### Activity
Please print, exactly as written, the line containing "Israël Mano avec" and each line after it through the end of the material; pictures stay out.

### Information shown

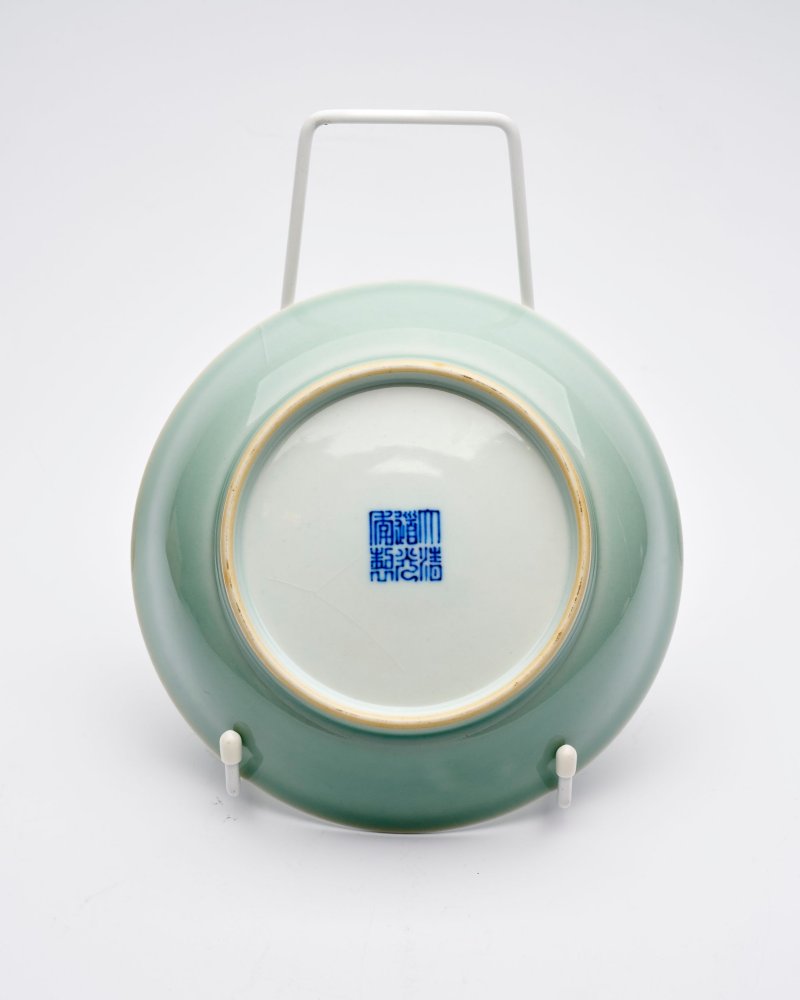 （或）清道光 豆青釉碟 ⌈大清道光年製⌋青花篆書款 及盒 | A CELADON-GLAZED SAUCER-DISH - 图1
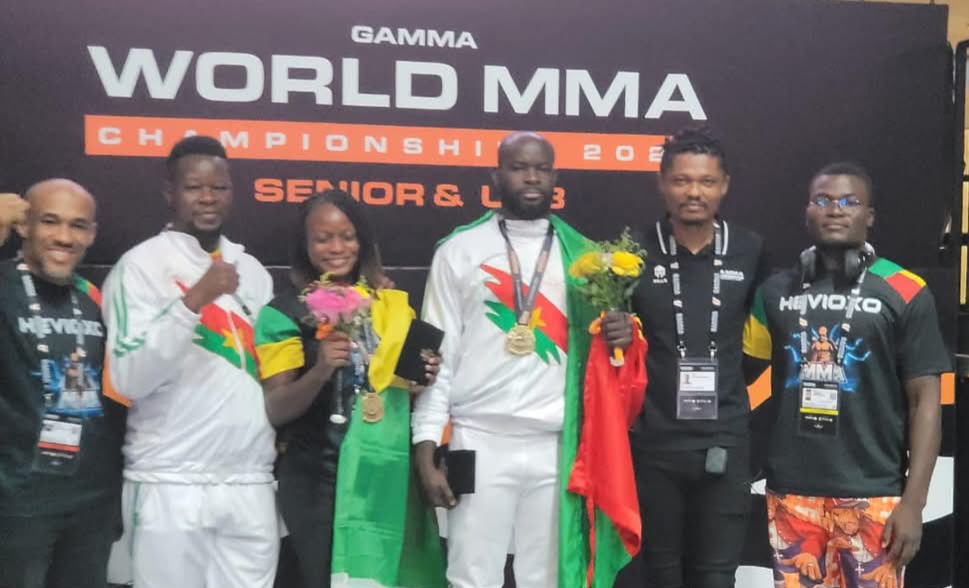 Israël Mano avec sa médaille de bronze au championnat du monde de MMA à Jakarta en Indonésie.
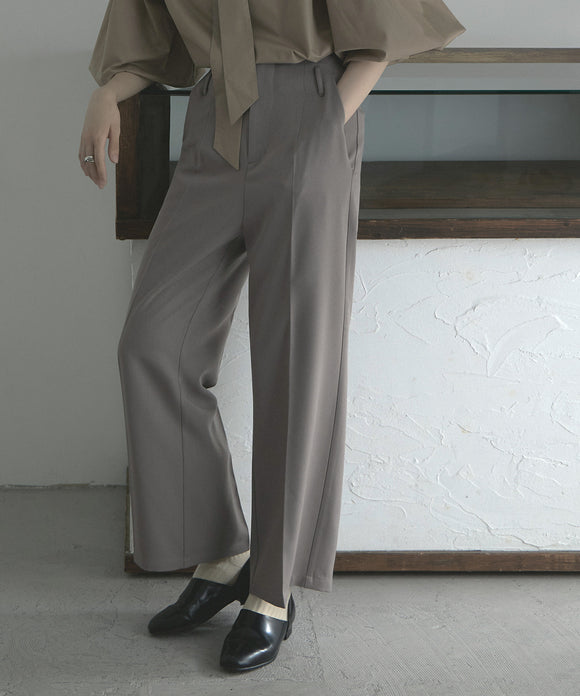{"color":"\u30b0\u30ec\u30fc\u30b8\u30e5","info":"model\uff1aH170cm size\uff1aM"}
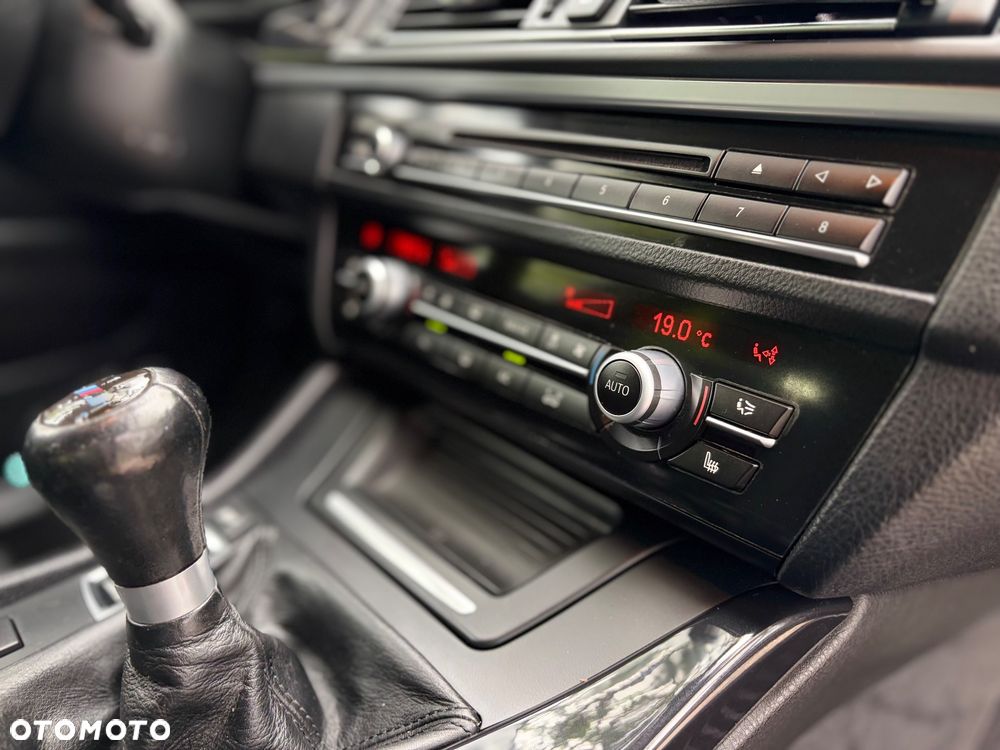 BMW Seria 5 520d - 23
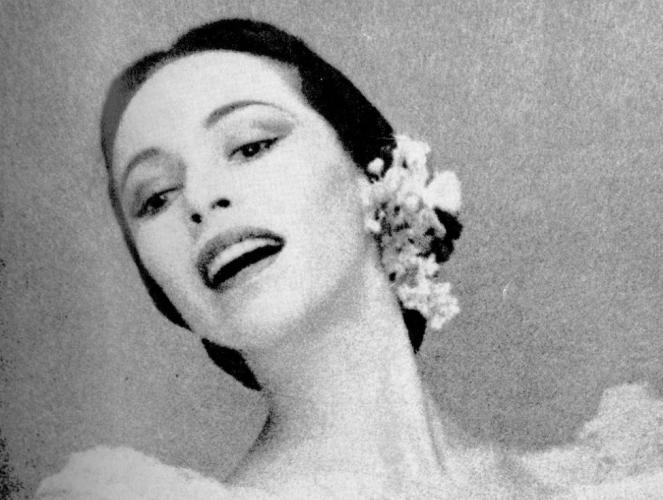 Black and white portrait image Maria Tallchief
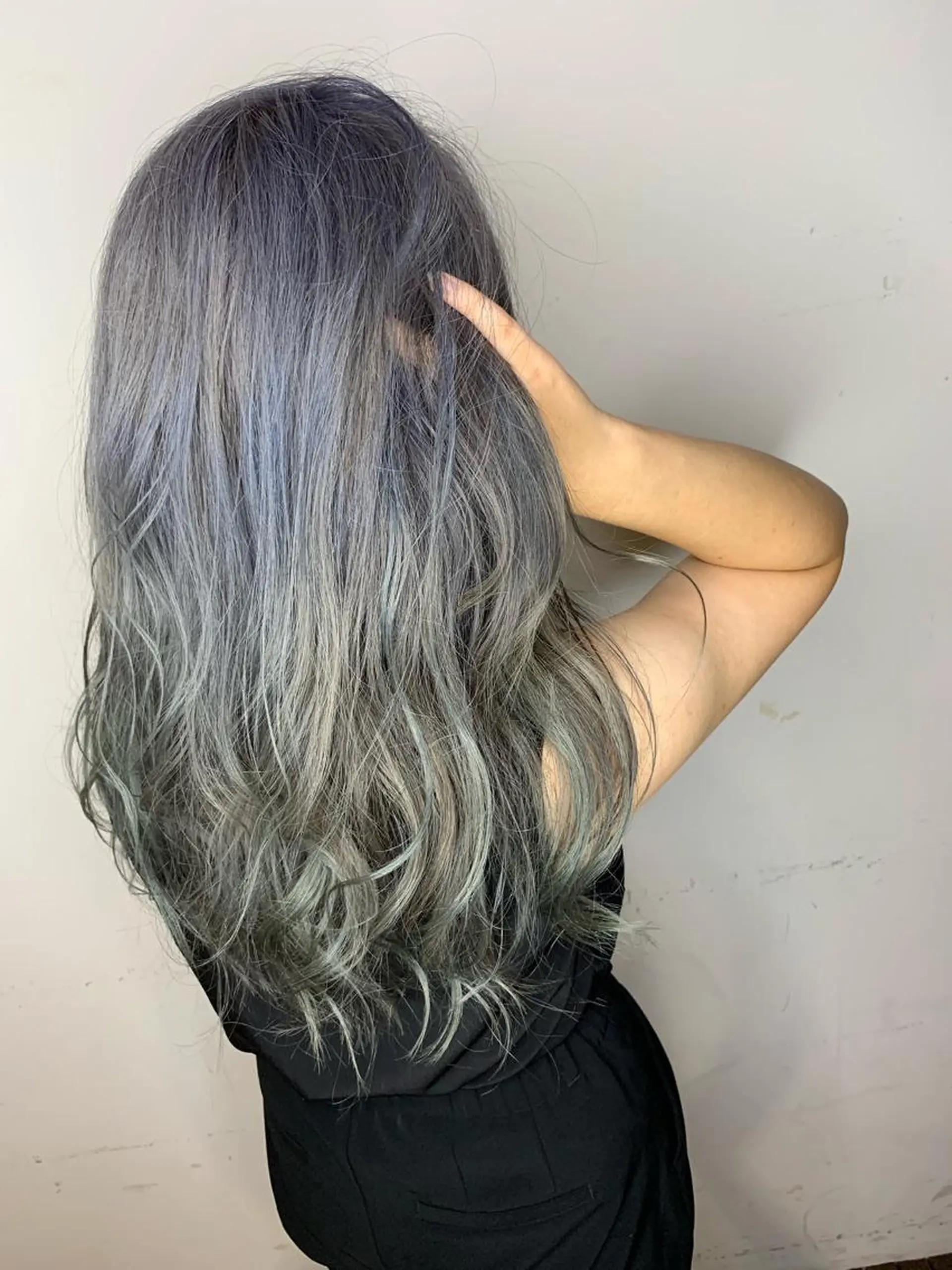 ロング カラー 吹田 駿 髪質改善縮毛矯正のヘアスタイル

### Exercise output
 Israël Mano avec sa médaille de bronze au championnat du monde de MMA à Jakarta en Indonésie.
{"color":"\u30b0\u30ec\u30fc\u30b8\u30e5","info":"model\uff1aH170cm size\uff1aM"}
 BMW Seria 5 520d - 23
 Black and white portrait image Maria Tallchief
 ロング カラー 吹田 駿 髪質改善縮毛矯正のヘアスタイル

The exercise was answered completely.